Krithika Shankaraman
Being cheaper is a race to the bottom, especially when you think about sort of scaling laws and how things are playing out.
Krithika Shankaraman
Good process or sufficient process is actually something that speeds up a company rather than slow it down.
Krithika Shankaraman
The delta between expectations and reality is the function for unhappiness. And so it is much easier to change expectations than it is reality.
Krithika Shankaraman
There isn't one clear answer to any of the marketing problems. It seems like there's a playbook for everything. There's a framework for everything. But the reality is the work is is hard. You have to spend the hours and the time to really understand your customer.
Krithika Shankaraman
2 Protocols
The DATE Framework for Marketing Strategy
Krithika Shankaraman- Diagnose: Understand the actual problem by analyzing the funnel (e.g., top-of-funnel volume vs. conversion rates) to determine if the issue is product-market fit or demand generation.

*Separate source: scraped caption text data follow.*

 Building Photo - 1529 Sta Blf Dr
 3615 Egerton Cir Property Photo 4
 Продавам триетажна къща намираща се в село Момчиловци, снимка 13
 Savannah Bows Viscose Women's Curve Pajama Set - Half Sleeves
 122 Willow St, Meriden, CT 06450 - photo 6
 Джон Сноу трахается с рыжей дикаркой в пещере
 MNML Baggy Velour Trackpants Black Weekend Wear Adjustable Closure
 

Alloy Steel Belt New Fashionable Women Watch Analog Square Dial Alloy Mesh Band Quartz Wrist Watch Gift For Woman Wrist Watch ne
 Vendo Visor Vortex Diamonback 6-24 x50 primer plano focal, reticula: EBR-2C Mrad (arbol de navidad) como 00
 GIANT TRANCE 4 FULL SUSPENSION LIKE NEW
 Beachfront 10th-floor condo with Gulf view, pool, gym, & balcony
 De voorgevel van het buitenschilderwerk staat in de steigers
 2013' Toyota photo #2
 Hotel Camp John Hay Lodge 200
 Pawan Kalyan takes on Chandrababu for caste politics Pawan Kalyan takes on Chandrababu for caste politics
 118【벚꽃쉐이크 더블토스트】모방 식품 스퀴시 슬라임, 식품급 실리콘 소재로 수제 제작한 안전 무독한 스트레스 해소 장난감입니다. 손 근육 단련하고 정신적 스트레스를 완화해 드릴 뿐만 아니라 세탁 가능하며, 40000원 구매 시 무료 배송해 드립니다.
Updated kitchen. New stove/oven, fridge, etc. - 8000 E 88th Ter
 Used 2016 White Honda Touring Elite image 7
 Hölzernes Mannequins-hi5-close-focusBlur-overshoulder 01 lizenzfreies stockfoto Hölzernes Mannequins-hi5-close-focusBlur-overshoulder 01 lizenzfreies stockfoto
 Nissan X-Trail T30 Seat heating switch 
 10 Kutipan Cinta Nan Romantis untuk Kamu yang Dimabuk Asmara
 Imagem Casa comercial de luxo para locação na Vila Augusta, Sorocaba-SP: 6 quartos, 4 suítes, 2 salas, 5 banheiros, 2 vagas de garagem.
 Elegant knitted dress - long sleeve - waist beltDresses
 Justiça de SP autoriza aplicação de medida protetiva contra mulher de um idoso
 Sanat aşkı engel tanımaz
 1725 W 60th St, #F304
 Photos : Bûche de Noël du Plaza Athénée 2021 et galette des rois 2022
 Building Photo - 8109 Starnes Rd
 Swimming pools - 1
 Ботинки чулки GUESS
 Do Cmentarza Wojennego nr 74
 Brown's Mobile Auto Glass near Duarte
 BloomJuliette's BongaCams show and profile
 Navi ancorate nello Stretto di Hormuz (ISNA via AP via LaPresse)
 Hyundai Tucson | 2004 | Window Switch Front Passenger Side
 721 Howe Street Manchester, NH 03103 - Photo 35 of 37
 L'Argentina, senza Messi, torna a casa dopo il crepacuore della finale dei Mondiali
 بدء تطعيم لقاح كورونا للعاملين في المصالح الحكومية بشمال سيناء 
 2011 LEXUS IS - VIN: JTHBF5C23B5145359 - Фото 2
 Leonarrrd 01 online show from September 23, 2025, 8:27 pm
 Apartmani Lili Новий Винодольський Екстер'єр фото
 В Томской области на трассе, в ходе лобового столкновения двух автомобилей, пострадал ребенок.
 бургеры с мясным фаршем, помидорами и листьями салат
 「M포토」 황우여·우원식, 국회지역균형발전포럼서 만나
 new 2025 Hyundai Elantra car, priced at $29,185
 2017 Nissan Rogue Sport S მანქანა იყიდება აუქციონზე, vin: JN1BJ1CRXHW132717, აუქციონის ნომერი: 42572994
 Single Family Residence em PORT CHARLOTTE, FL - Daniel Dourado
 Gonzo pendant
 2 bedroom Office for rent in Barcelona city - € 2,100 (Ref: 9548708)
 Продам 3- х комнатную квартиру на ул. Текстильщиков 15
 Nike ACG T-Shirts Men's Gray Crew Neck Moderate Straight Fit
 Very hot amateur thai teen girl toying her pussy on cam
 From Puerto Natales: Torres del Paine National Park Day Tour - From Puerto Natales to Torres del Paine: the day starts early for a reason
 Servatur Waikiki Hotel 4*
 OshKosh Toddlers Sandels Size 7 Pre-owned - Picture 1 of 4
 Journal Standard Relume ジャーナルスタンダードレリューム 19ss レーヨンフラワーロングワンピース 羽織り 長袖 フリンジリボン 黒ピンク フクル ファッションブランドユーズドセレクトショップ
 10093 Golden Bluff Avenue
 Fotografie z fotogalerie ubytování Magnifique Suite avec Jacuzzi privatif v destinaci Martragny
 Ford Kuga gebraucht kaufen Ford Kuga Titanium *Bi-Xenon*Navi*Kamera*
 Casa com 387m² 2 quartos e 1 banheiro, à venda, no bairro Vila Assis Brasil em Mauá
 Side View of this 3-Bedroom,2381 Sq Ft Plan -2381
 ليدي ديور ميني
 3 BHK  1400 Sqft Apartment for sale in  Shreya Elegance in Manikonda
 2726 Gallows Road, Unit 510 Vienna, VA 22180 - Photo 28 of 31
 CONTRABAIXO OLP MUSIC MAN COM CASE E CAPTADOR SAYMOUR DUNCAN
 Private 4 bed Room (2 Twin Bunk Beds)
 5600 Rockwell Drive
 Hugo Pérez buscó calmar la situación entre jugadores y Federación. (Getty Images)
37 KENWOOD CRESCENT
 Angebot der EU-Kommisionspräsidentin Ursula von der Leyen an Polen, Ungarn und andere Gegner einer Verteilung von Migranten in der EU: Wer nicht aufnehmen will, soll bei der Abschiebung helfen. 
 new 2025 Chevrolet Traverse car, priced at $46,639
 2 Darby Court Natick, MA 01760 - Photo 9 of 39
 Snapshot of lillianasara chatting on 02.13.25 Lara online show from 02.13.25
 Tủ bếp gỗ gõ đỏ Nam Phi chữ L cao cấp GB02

- Analyze: Evaluate competitors' approaches to establish a baseline, identify opportunities, gaps, and niches, but avoid being super laser-focused on them.
- Take a Different Path: Intentionally drive a strategy that sets the company apart, differentiating the product in the market, potentially by looking at domains outside your own for inspiration.
- Experiment: Test, validate, and scale what works while discarding what doesn't, fostering psychological safety to fail and avoid sunk cost fallacy.
Marketing Program Review Process
Krithika Shankaraman- Set up a Marketing Review Forum: Establish a dedicated space (live meeting, Slack channel, email alias) that is transparent to the organization for reviewing marketing content and strategies.
- Conduct a 20% Review: Hold a strategy review early in the process to align on what is being accomplished, for whom, and the rough approach.
- Conduct an 80% Review: Review the nearly complete artifacts and plans when there is still enough slack in the system to make substantive changes before launch.